- _Data_:
____________________

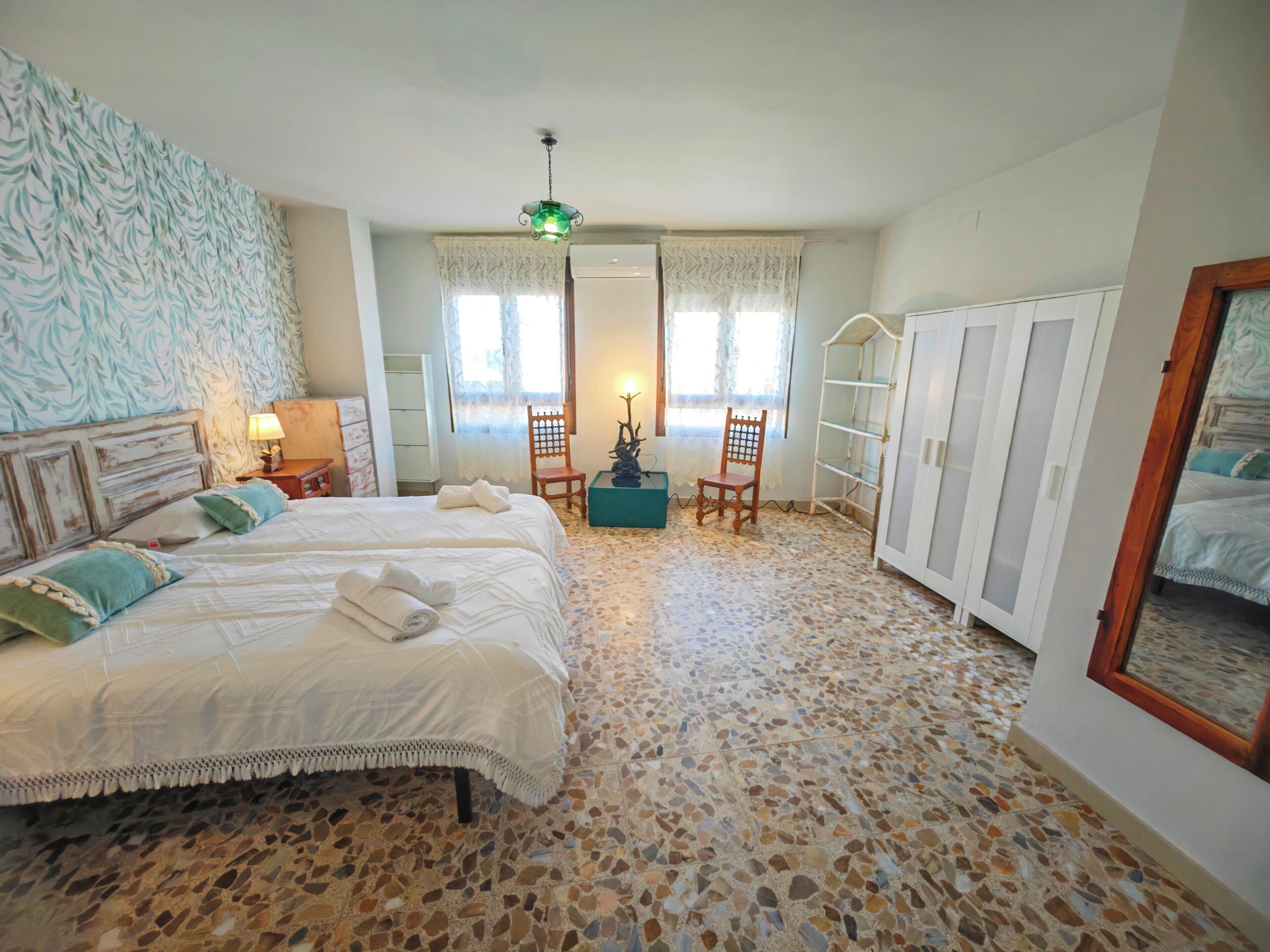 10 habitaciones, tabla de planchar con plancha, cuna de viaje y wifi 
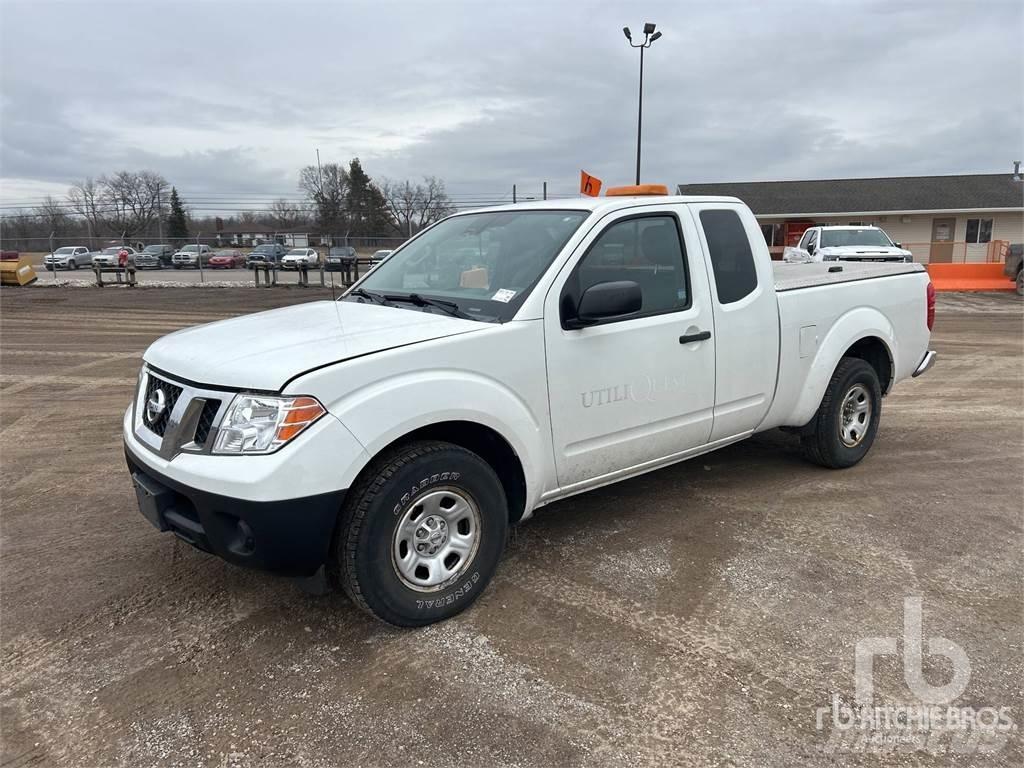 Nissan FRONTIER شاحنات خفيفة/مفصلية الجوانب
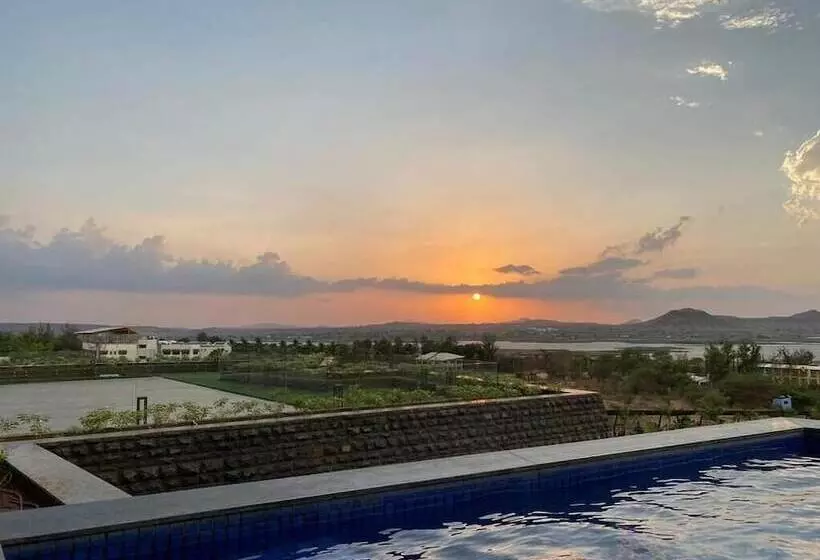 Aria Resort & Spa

____________________

- _Work to be completed_: Set out the material once more, exact in every line, with no images.

- _Exercise output_:
 10 habitaciones, tabla de planchar con plancha, cuna de viaje y wifi 
 Nissan FRONTIER شاحنات خفيفة/مفصلية الجوانب
 Aria Resort & Spa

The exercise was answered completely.